→ AIM OF THE EXERCISE: Exact copies of the lines below, from the one with "2020高三地理一轮复习提分" up to and including the one with "-天津卫码头(南开大悦城店)", are what this calls for; leave out pictures.

→ GIVEN INFORMATION:
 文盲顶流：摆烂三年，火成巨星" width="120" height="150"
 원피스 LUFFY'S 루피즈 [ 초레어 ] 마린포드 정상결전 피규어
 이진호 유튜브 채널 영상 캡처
---
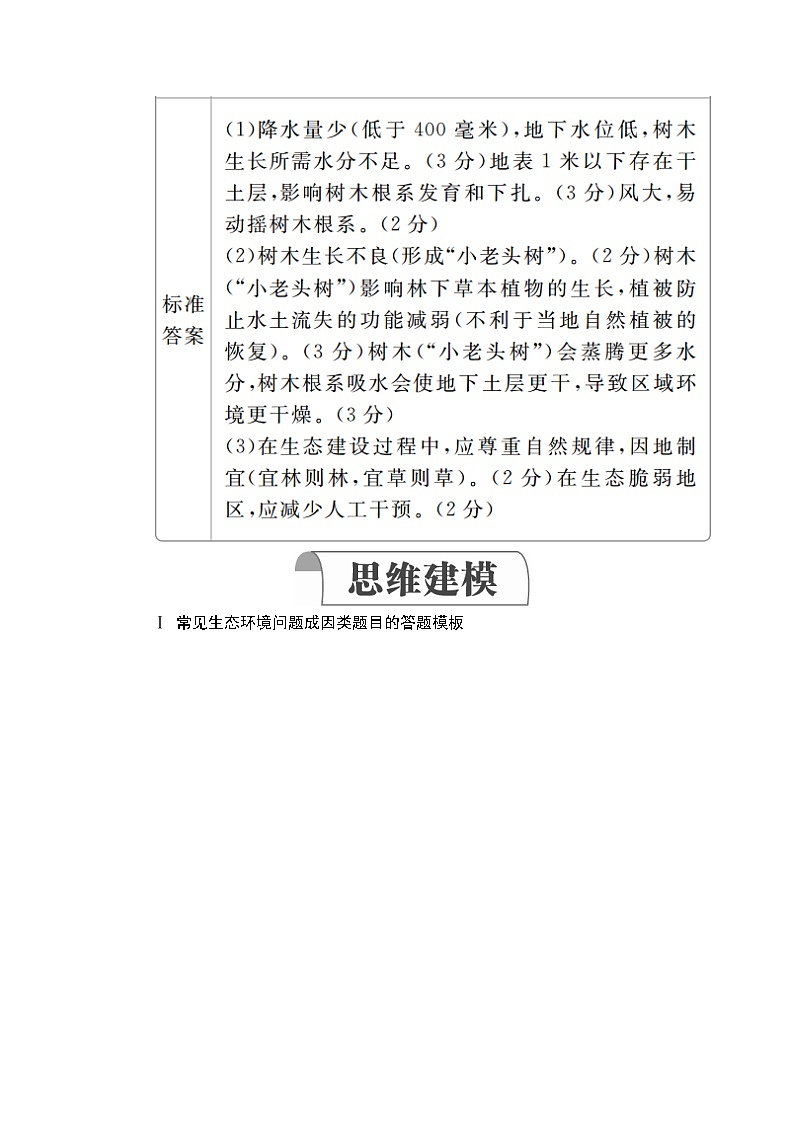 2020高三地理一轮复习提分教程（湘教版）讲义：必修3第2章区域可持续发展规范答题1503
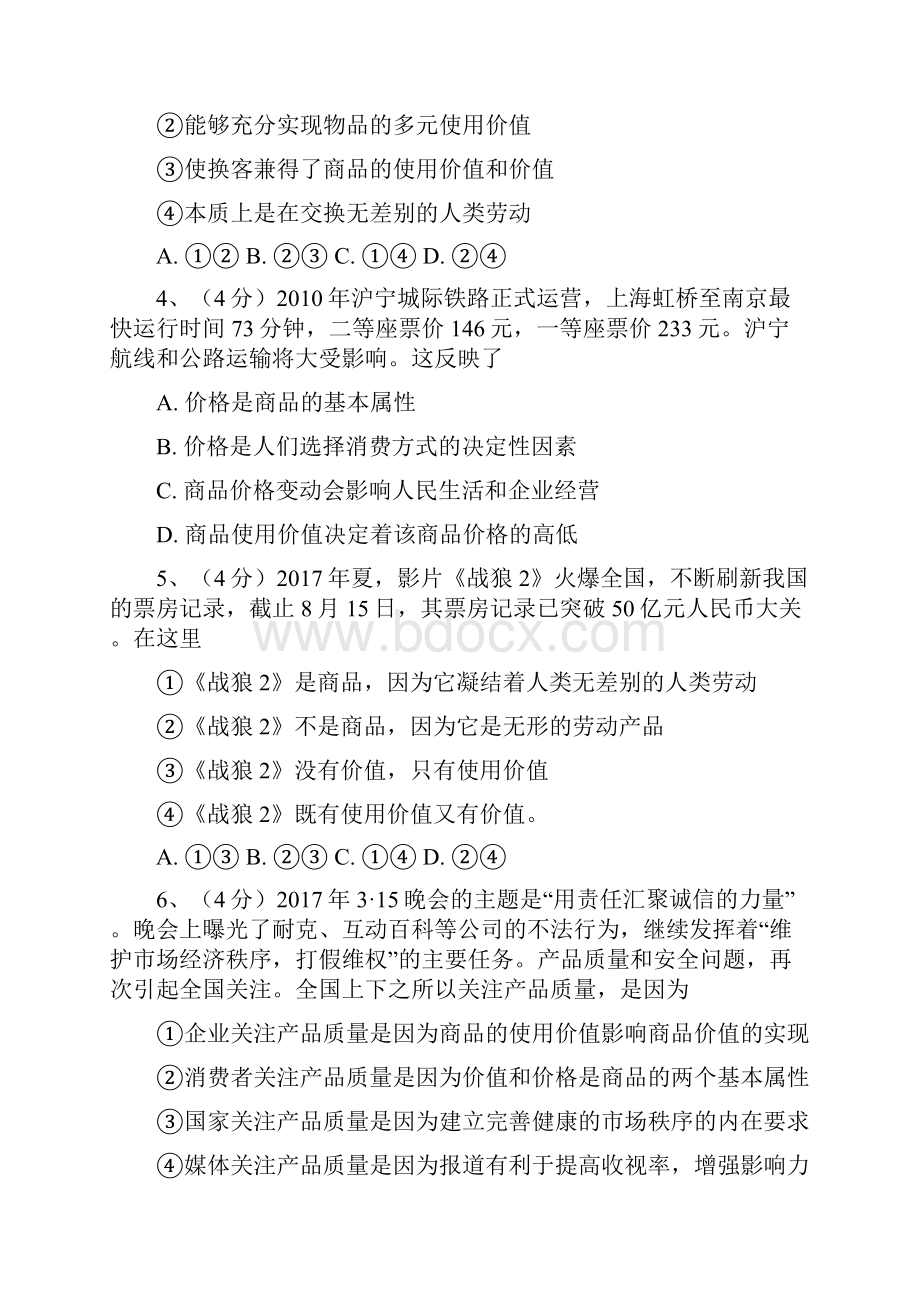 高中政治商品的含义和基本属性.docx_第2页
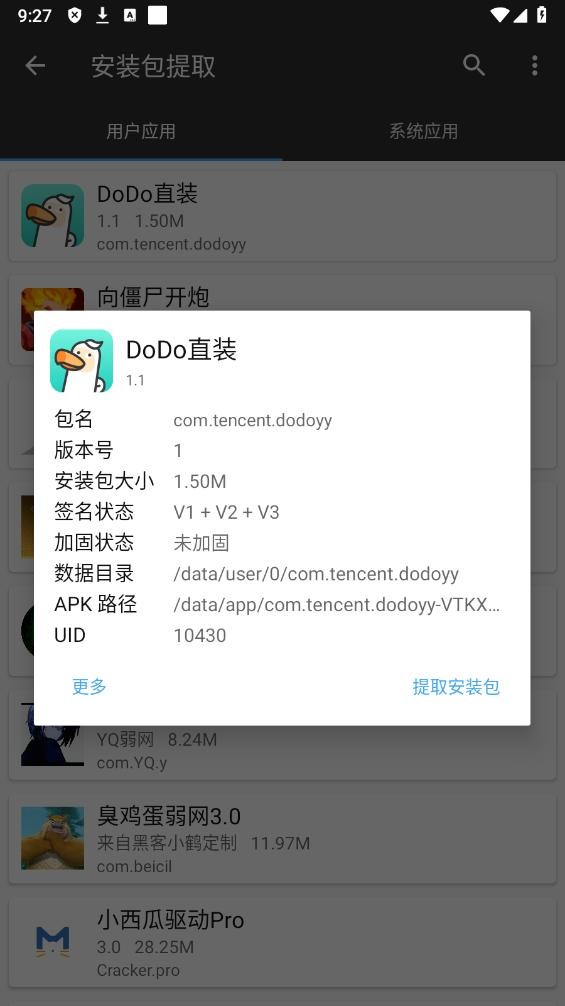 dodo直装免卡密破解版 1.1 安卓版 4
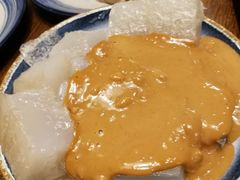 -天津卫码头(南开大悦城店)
---
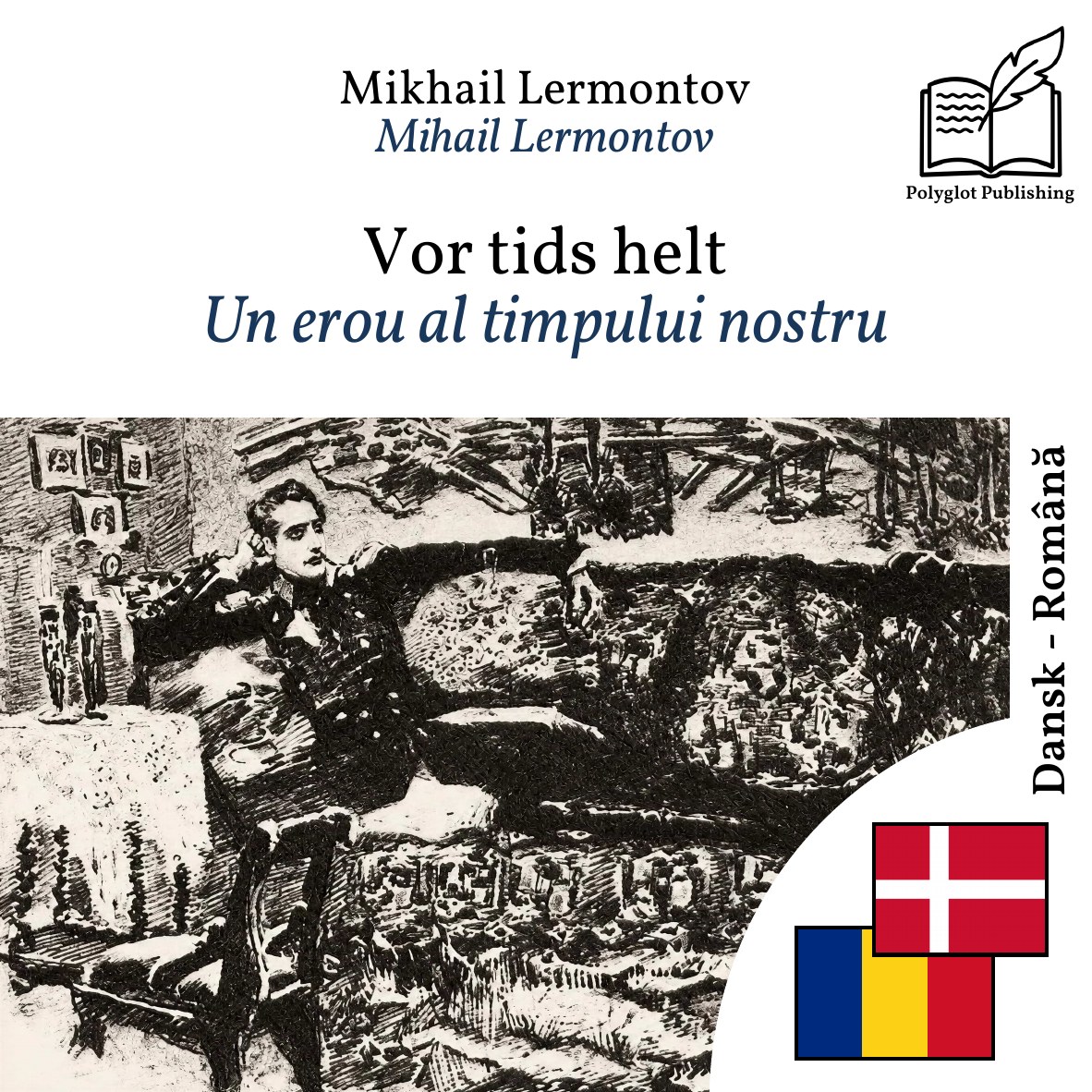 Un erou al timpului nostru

→ WRITTEN RESPONSE:
 2020高三地理一轮复习提分教程（湘教版）讲义：必修3第2章区域可持续发展规范答题1503
 高中政治商品的含义和基本属性.docx_第2页
 dodo直装免卡密破解版 1.1 安卓版 4
 -天津卫码头(南开大悦城店)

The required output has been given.